If you're looking for a no-nonsense handset, solid and weighty in the hand is good – and the Nokia 6303's pleasingly curvy metal bodywork feels appropriately substantial, without being chunky.
The stainless steel casing helps nudge its weight up to the 95g mark, although its slim 108.8(h) x 46.2(w) x 11.7(d)mm candybar dimensions mean it'll slip comfortably into the pocket.
The 6303 Classic is initially available in two flavours – an all-matt black version and a silver model with black screen and control panel surround (again, echoing the 6300's décor). The body of the phone feels nicely rounded and good to handle, the cool metal back cover giving a quality touch.
The navigation control panel and display are slightly raised from the numberpad, with a curved edge separating them.
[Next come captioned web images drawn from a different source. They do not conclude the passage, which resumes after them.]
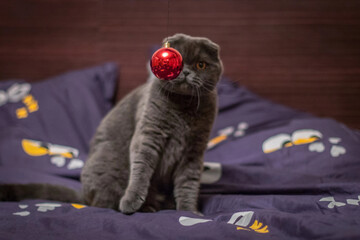 Playful British Shorthair cat sitting on a bed, staring curiously at a red Christmas ornament being...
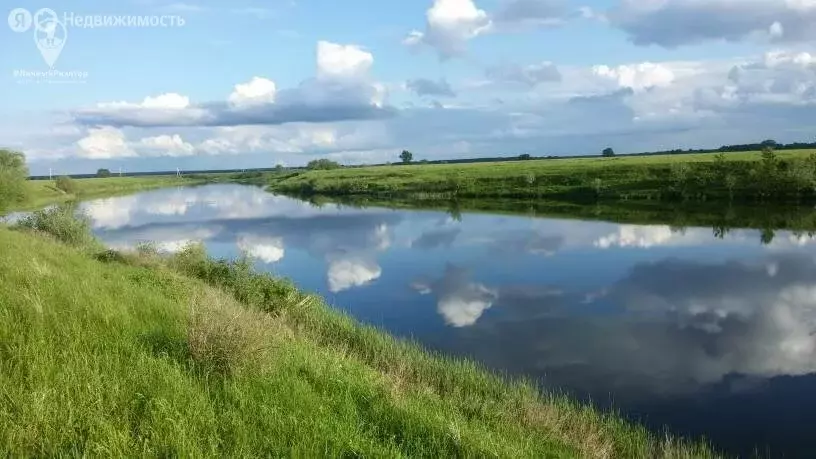 Участок в Рязанская область, Спасский муниципальный округ, деревня ... - Фото 2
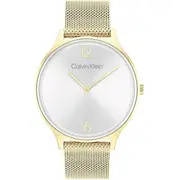 Zegarek Damski Calvin Klein Timeless Mesh 25200003  Box 7613272456715 Joinedit72916978 Rokas pulksteņi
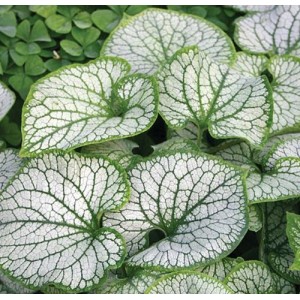 Brunnera / Brunera JACK FROST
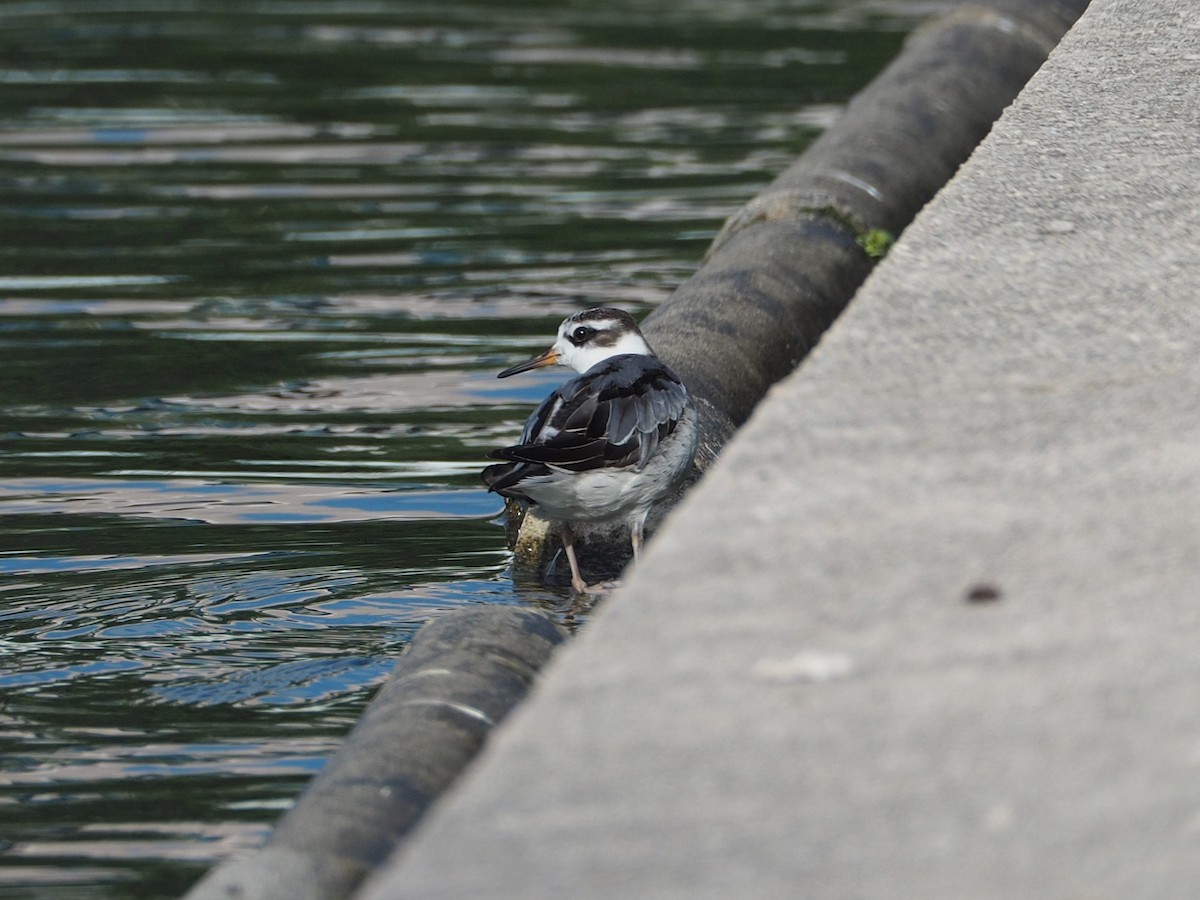 Red Phalarope - ML642543158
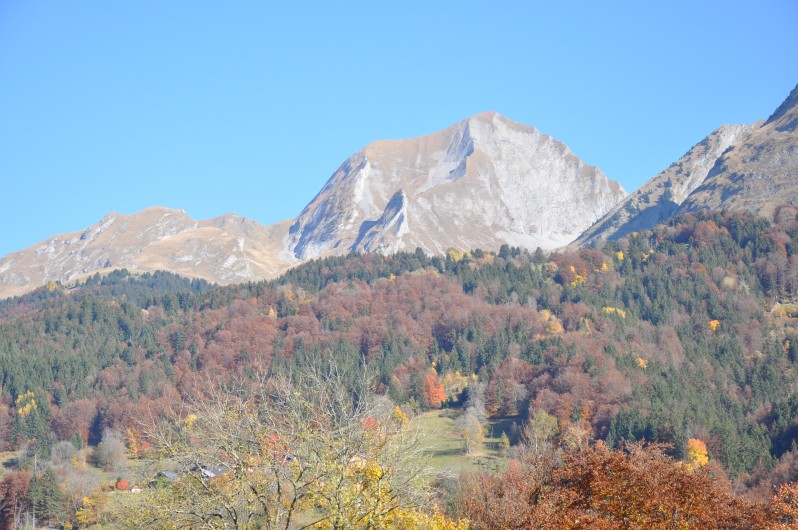 Location de vacances - Chalet à Thônes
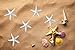Anyumocz 40 Pcs Starfish White Resin Pencil Finger Sea Star for Wedding Party Christmas, Home and Craft Project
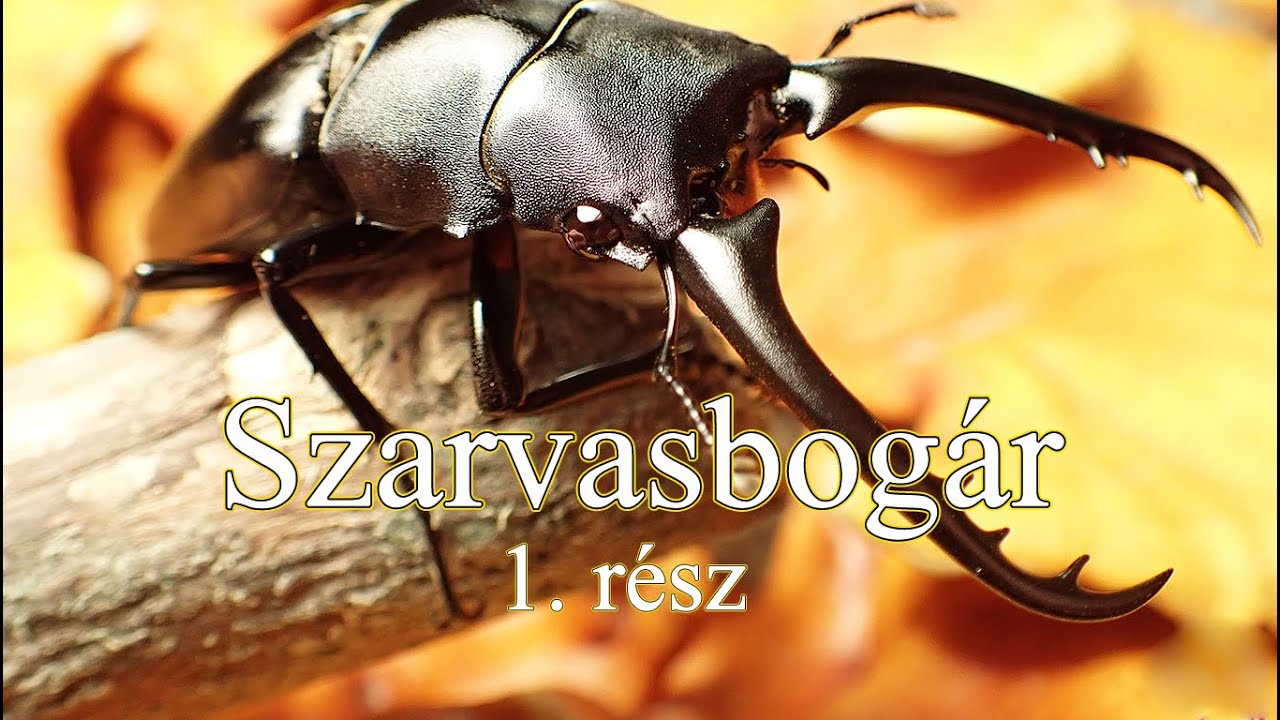 Szarvasbogár - Általános információ, Életciklus - 1. rész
This gives the 6303 Classic an appearance that's reminiscent of an open sliderphone.
The screen is a 2.2-inch, QVGA (320x240 pixels) resolution, 16.7-million colour TFT – a typical mid-level display for a Nokia candybar that's typically bright and clear.
The navigation control panel is conventionally laid out, with a central navigation D-pad and a pair of rocker buttons taking care of softkey and Call/End duties.
These are decently sized, so avoid handling issues, while the D-pad reacts responsively to presses; a ridge gives fingers good purchase when selecting directional options.
The numberpad beneath is well ordered, the separate keys having a decent amount of room between them and sizeable enough to give digits a good run at accurate texting.
The overall space for keys, however, is quite compact relative to the size of the handset, so large-fingered users may feel tight for thumb space.
Around the curved edges of the phone, a volume rocker key on the side and an on/off key on top are the only buttons.
The base of the phone features a standard thin Nokia charger socket, a separate micro USB port – and that standard 3.5mm headphone socket, which enables you to upgrade your earwear when listening to the music player.
The back panel is plain, apart from holes marking the loudspeaker's presence, the camera lens – unprotected by any sliding cover – and a dual-LED flash.